**Assignment:**
In your copy of the entries, please include no pictures and return every word exactly.

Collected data
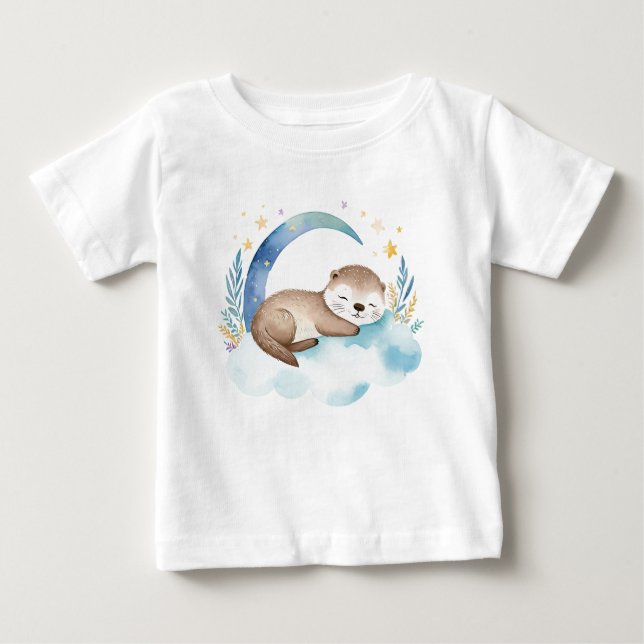 Camiseta Bebê doce bonito na lua - (Frente)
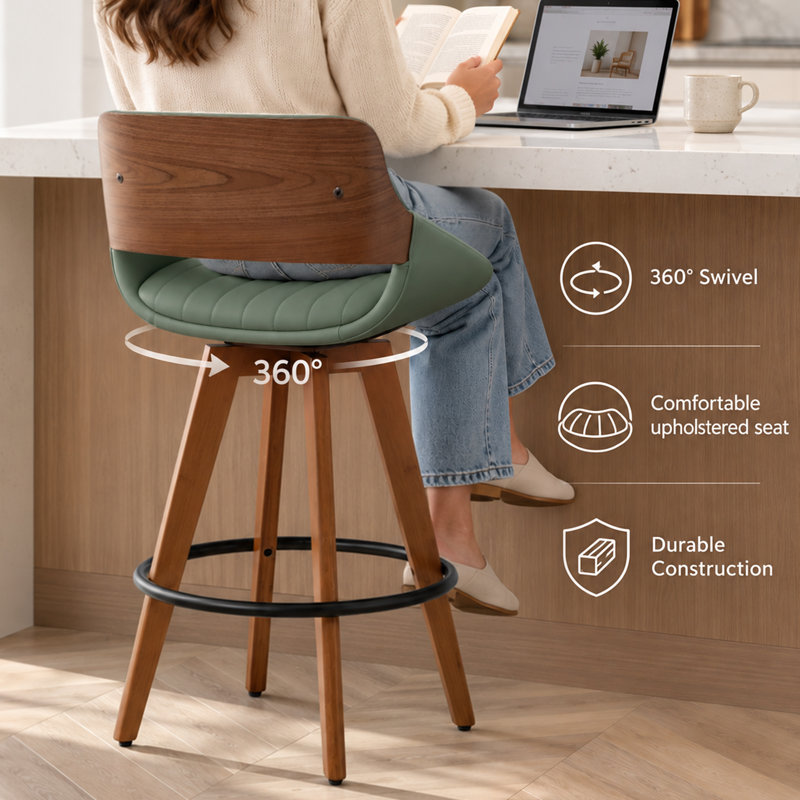 Omar 3-Piece Swivel Upholstered Counter Stool Set, Green
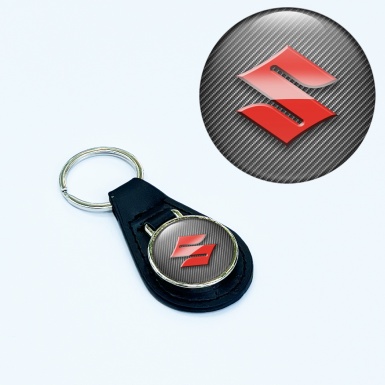 Suzuki Keyring Holder Leather Light Carbon Red Classic Logo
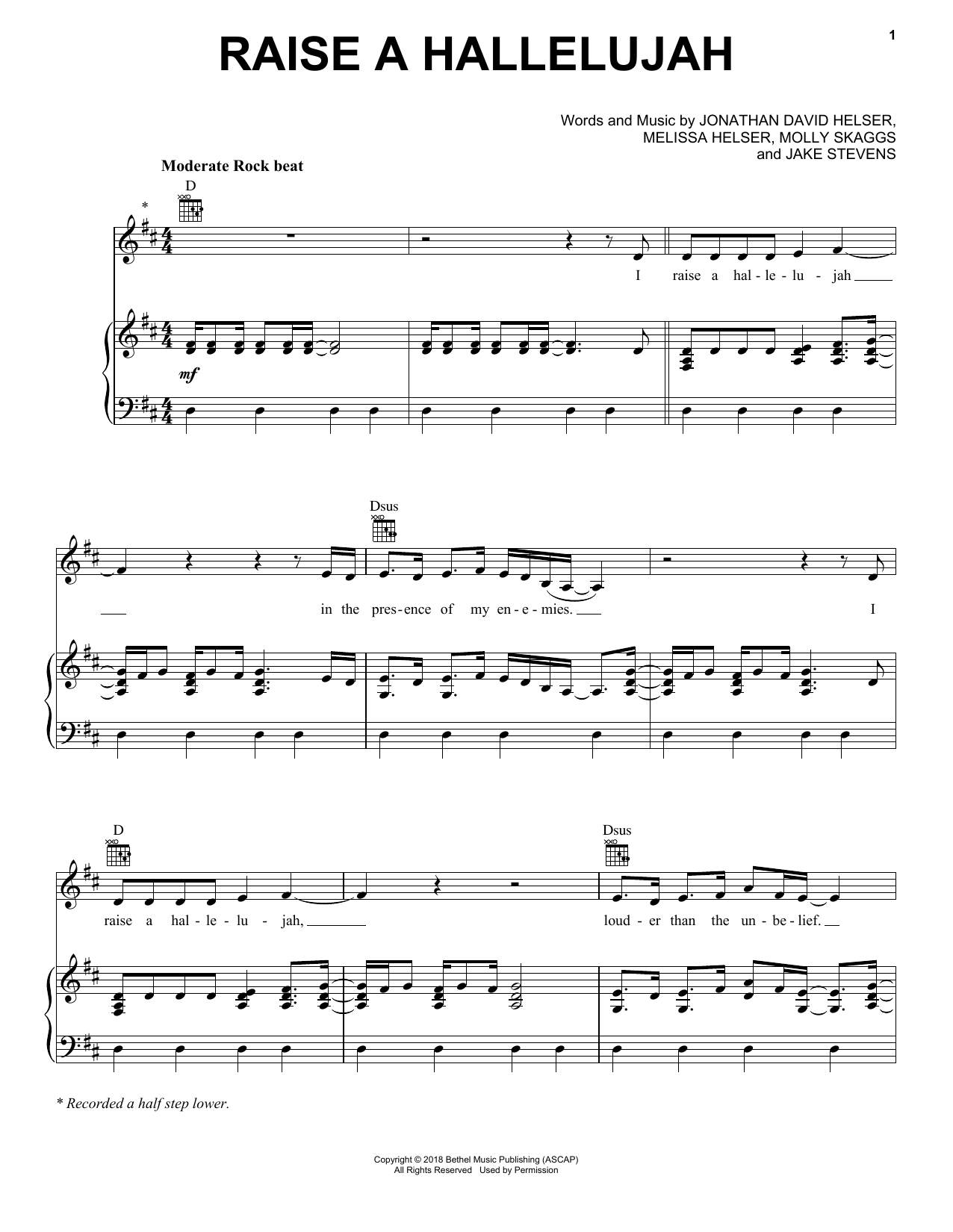 Download Bethel Music, Jonathan David Helser & Melissa Helser Raise A Hallelujah Sheet Music and learn how to play Piano, Vocal & Guitar Chords (Right-Hand Melody) PDF digital score in minutes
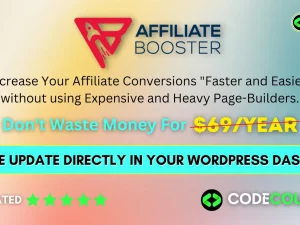 Affiliate Booster Theme + Plugin With Original License Key For 1 Year Auto Update.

**Problem solution:**
 Camiseta Bebê doce bonito na lua - (Frente)
 Omar 3-Piece Swivel Upholstered Counter Stool Set, Green
 Suzuki Keyring Holder Leather Light Carbon Red Classic Logo
 Download Bethel Music, Jonathan David Helser & Melissa Helser Raise A Hallelujah Sheet Music and learn how to play Piano, Vocal & Guitar Chords (Right-Hand Melody) PDF digital score in minutes
 Affiliate Booster Theme + Plugin With Original License Key For 1 Year Auto Update.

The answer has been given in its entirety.